### [Data shown]
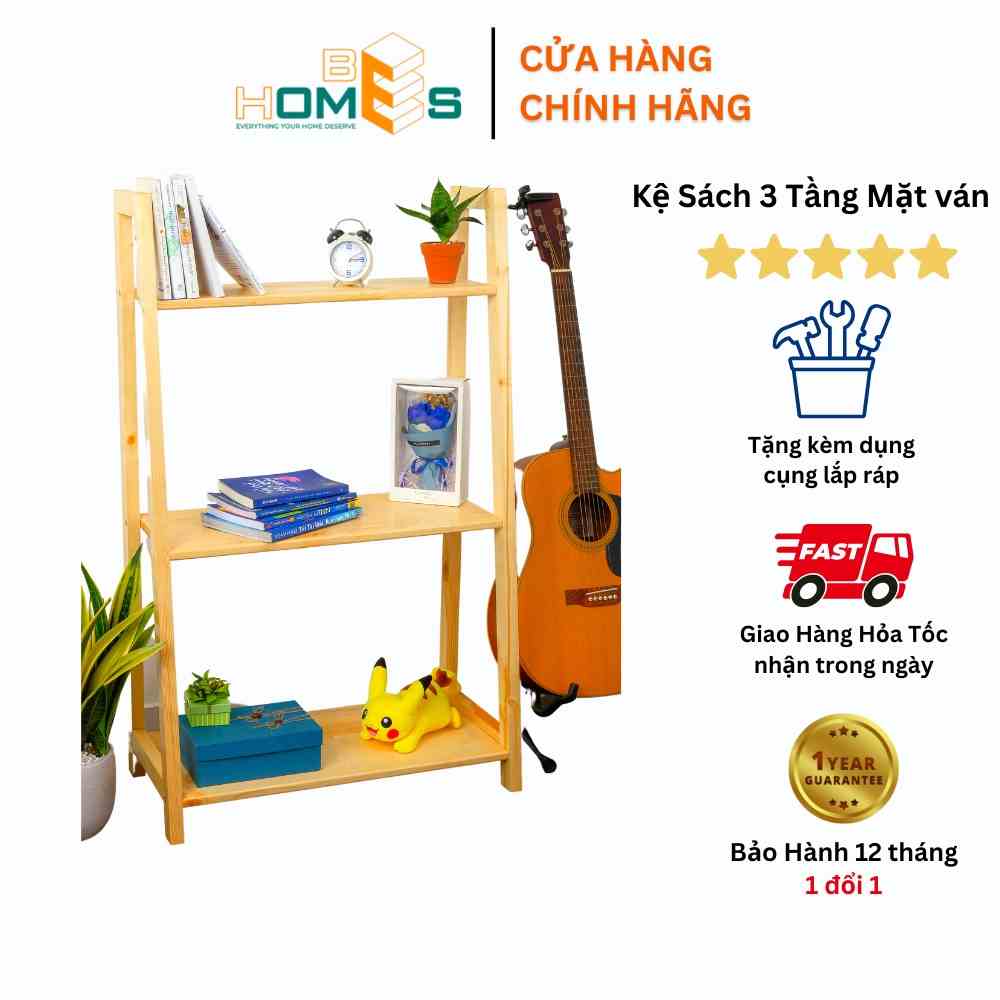 [Mã BMLTB35 giảm đến 35K đơn 99K] Kệ sách gỗ Behomes 3 tầng mặt ván - nội thất phòng khách, phòng ngủ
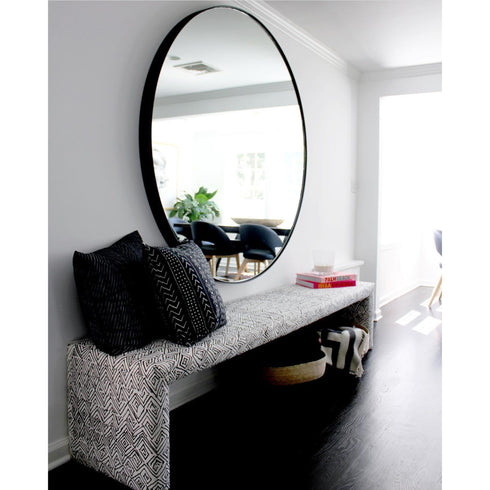 Jayney Carbon black white cotton and oyster linen fabric - Kerri Rosenthal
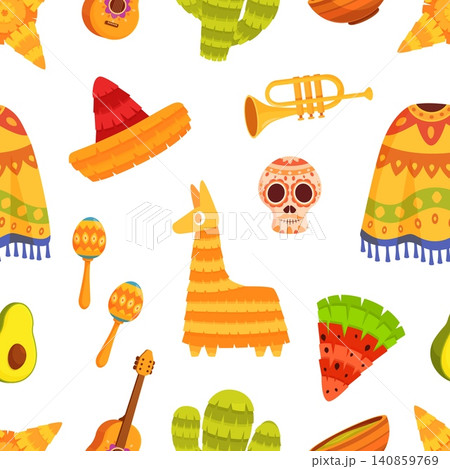 Mexican style seamless pattern. Mexico festival symbols, poncho, sombrero, pinatas, cactus. Colorful carnival print for fabric, vector background Mexican style seamless pattern. Mexico festival symbols, poncho, sombrero, pinatas, cactus. Colorful carnival print for fabric, vector background 140859769
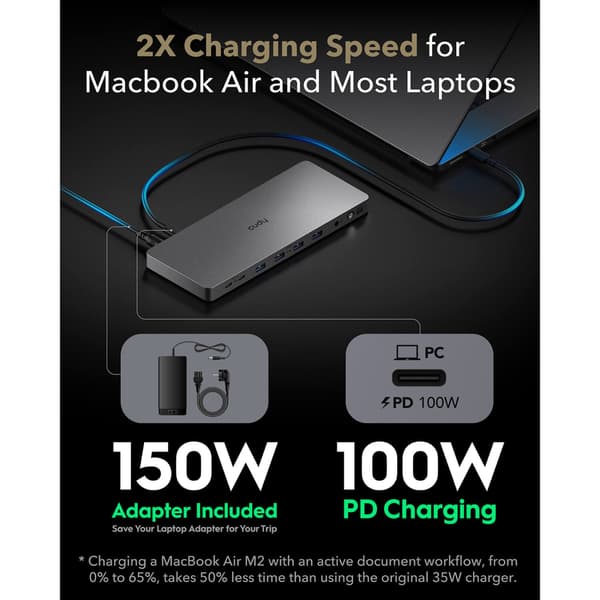 CUDY Dockningsstation CS700 10Gbps USB-C Dual 4K 150W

### [Task details]
Your answer must be an exact copy of the lines from the one with "vector background 140859769" through the final line of the data, both included, without any pictures.

### [Task solution]
 Mexican style seamless pattern. Mexico festival symbols, poncho, sombrero, pinatas, cactus. Colorful carnival print for fabric, vector background Mexican style seamless pattern. Mexico festival symbols, poncho, sombrero, pinatas, cactus. Colorful carnival print for fabric, vector background 140859769
 CUDY Dockningsstation CS700 10Gbps USB-C Dual 4K 150W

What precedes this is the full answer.